Apparently, a strong housing market doesn’t really depend on people having good jobs in order to come up with a down payment and service a mortgage. Whether that strong housing market is healthy or not is another matter as detailed in this special report at Reuters.

The once-beleaguered Las Vegas housing market has been on fire since investment firms led by Blackstone Group LP, Colony Capital and American Homes 4 Rent began buying homes here some eight months ago, backed by $8 billion in investor cash to spend nationally.

These big investors and a handful of others have bought at least 55,000 single-family homes across the U.S. in the past year.

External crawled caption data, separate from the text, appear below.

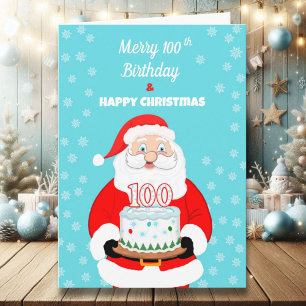 Tarjeta Feliz cumpleaños 100 Navidades Santa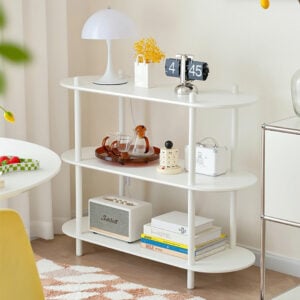 Chic White Rounded Display Shelf Organic Modern Standing Shelf White Modern Minimal Shelf White Standing Shelf Home Decor Furniture Style Degree Sg Singapore
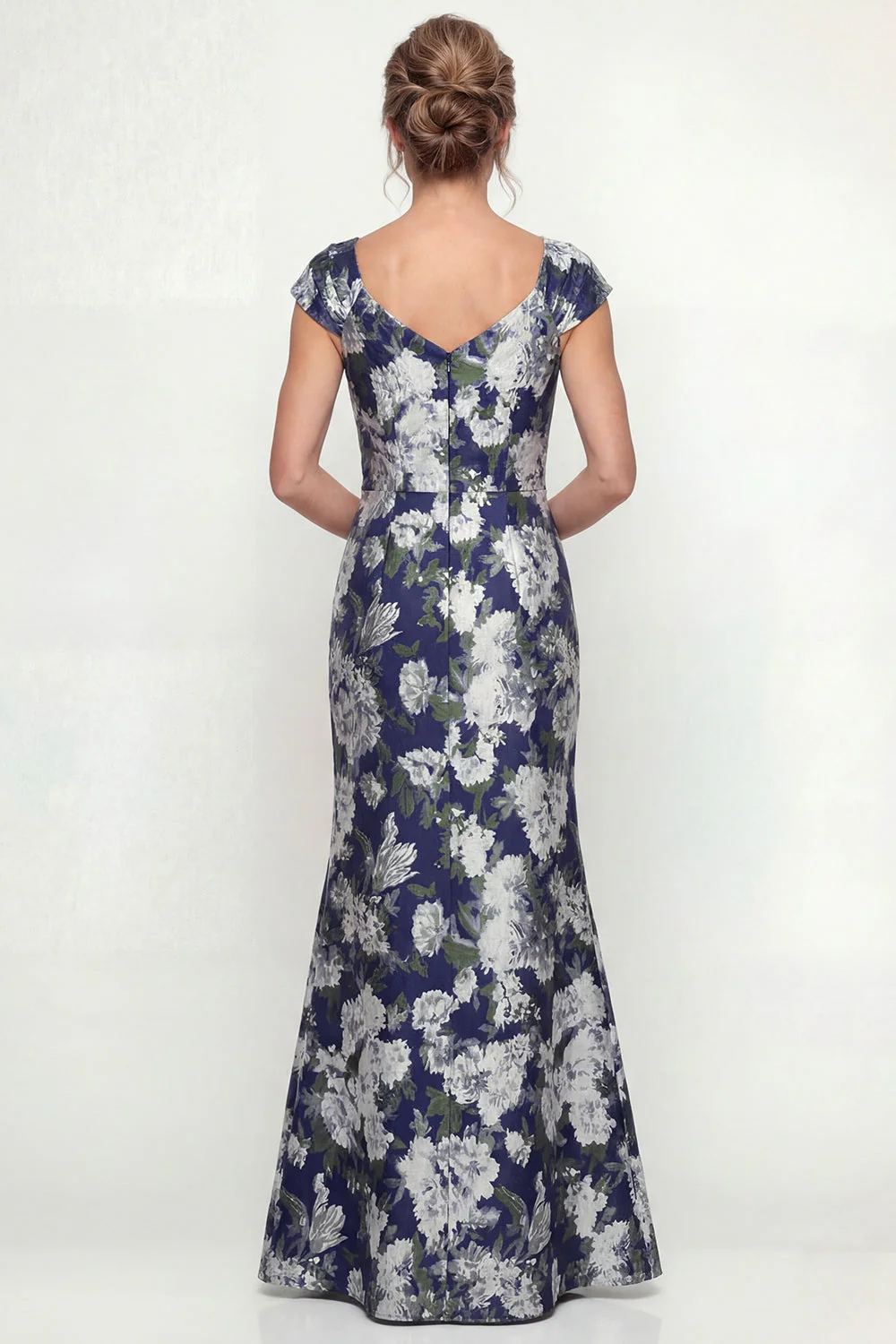 Robe de mère de la mariée à motifs de sirène bleu marine avec manches courtes - Image 2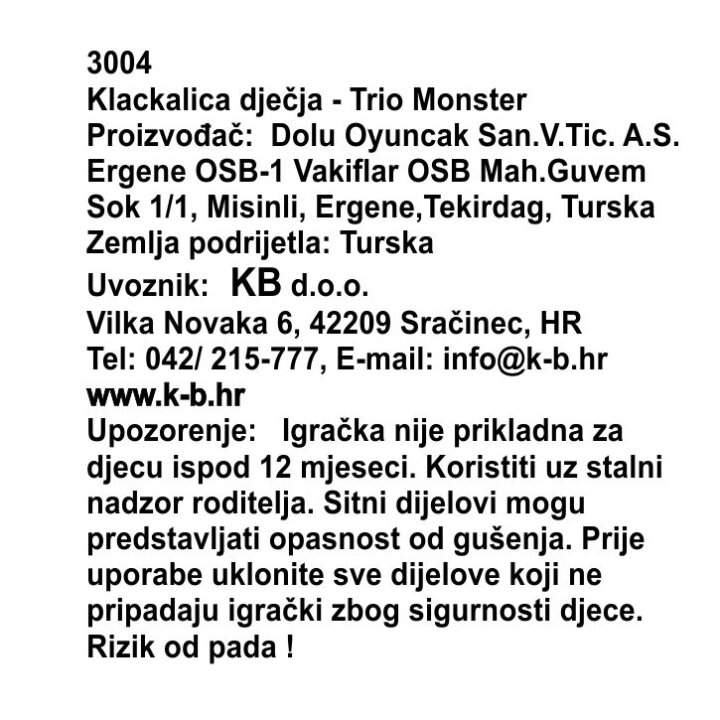 TRIO MONSTER KLACKALNICA 36 X 102,5 X 43 CM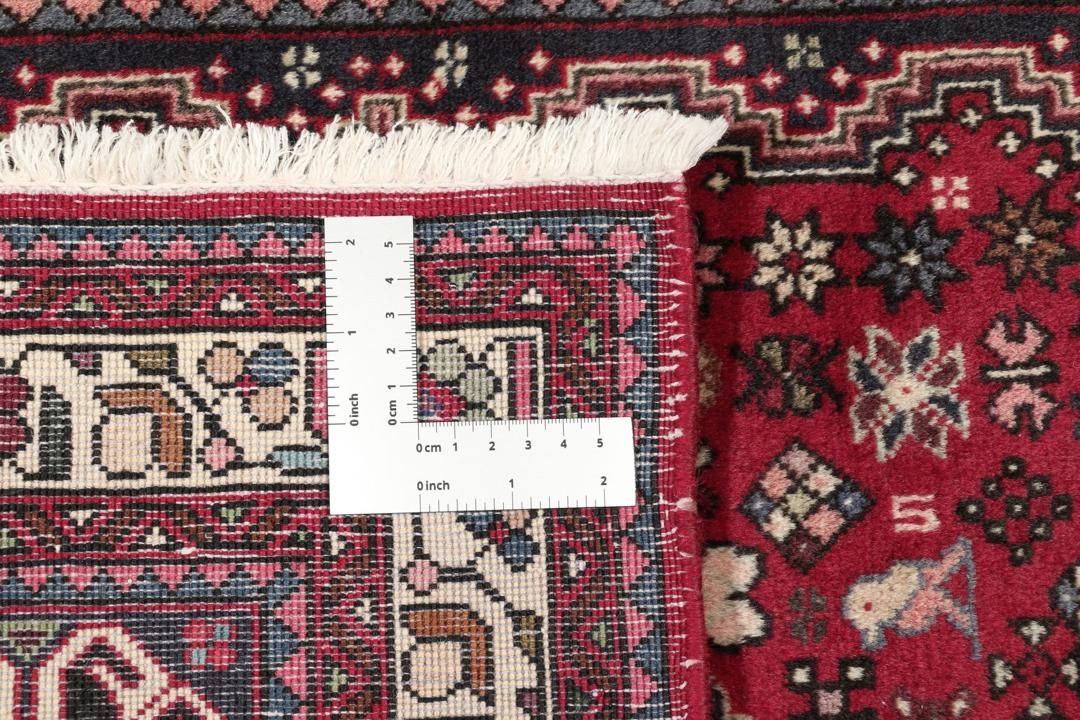 Håndknyttet Abadeh-tæppe fra Mellemøsten med en levende rød bund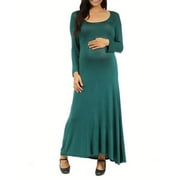 Women's Maternity Long Sleeve Scoop Neck Maxi Dress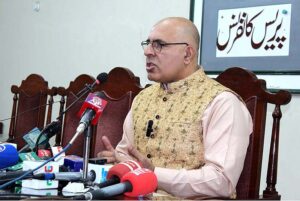 Balochistan Caretaker Information Minister Jan Achakzai addressing press conference at Quetta Press Club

In the Vegas area alone, they have accounted for at least 10 percent of the homes sold since January 2012, according to a Reuters analysis of housing transactions.

That added firepower helps explain why home prices in this metropolitan area of 2 million people are up 30 percent over a year ago, far more than the national average of 10 percent.

There’s lots more in this story, most of it disturbing such as 60 percent of Las Vegas home sales being all cash and a reminder that hot money from Wall Street doesn’t tend to stick around once the artificial appreciation stops – when that will be is anyone’s guess.

I missed the S&P Case-Shiller housing report earlier in the week where is looks like Las Vegas is about to overtake Phoenix as the nation’s hottest housing market.